Most drugs must succeed in at least one phase 3 placebo-controlled trial showing clinical benefit to patients to win approval from the FDA, a process that takes several years. But under the accelerated approval pathway pursued by Sarepta it must meet a “surrogate endpoint” — a biological effect that is likely to predict a clinical benefit. In this case, SRP-9001 must only show it increases levels of micro-dystrophin.
The FDA said it wants to expand its use of the accelerated approval pathway for gene therapies to ensure potentially life-saving treatments get to patients. According to the health news site Stat, the director of the FDA’s Center for Biologics Evaluation and Research intervened twice to keep Sarepta’s application for fast-track approval alive despite concerns of agency reviewers.
The FDA said it could not comment on pending applications.
But some experts warn that approving Sarepta’s gene therapy would be premature because it has still not been proved that higher levels of micro-dystrophin will provide a clinical benefit to patients.
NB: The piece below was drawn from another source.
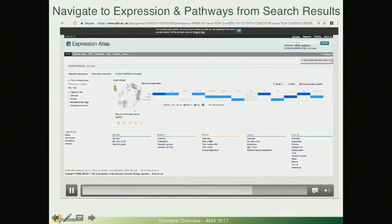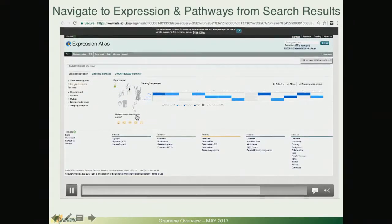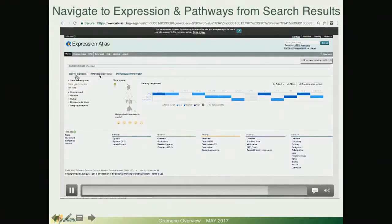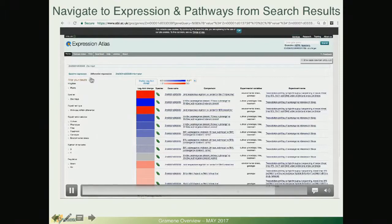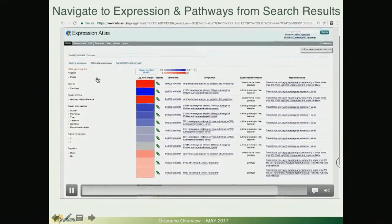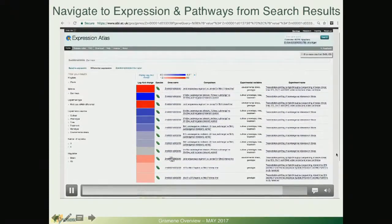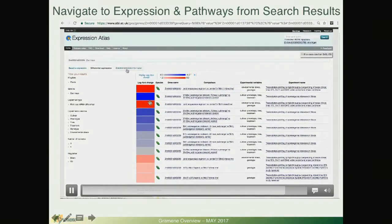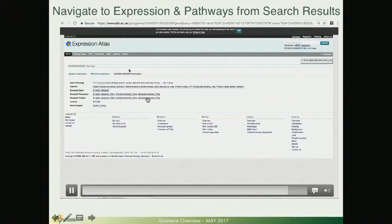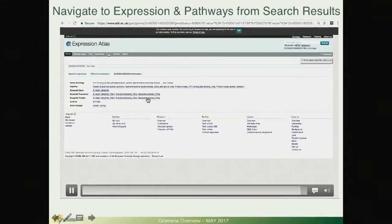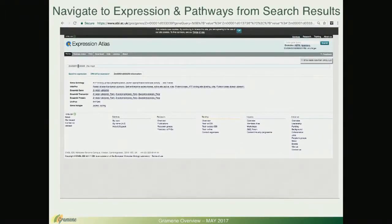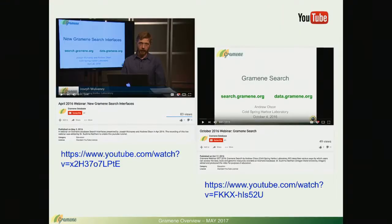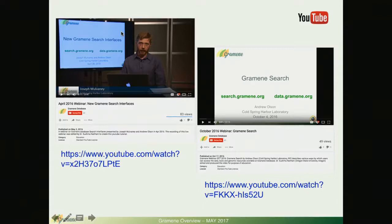You can see the exact same information for baseline expression and in addition you will find differential expression in there that you can project in turn to the Ensemble and Grameen browsers. This was covered in a recent webinar that I'm going to show you in a minute.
Approving the therapy could also be counter-productive for some patients, they say, as it could exclude them from taking rival gene therapy products targeting Duchenne in development that may prove more efficacious.
Pfizer is undertaking a late-stage trial of an alternative gene therapy to treat Duchenne’s.
Reshma Ramachandran, assistant professor of medicine at Yale University, said this type of gene therapy could only be administered once in a lifetime due to the potentially harmful side effects caused by reintroducing the viral vector carrying the gene into the body. This could prompt an attack by the body’s immune system, she added.
“We could be shutting the door to other potentially more promising treatments in the pipeline by awarding accelerated approval. It could be more difficult to enrol people in clinical trials for other similar therapies,” she said.
But for most parents, including Contreras, who has moved her entire family to the US from Chile to access Sarepta’s trial, withholding access to a gene therapy to other sufferers of Duchenne’s is inconceivable.
“This approval is not only important for the kids who haven’t got the therapy yet but also for the field to move forward,” Contreras said. “There are studies ongoing to figure out how to manage the antibody response to give a second dose. If this [therapy] gets approved then so do these studies.”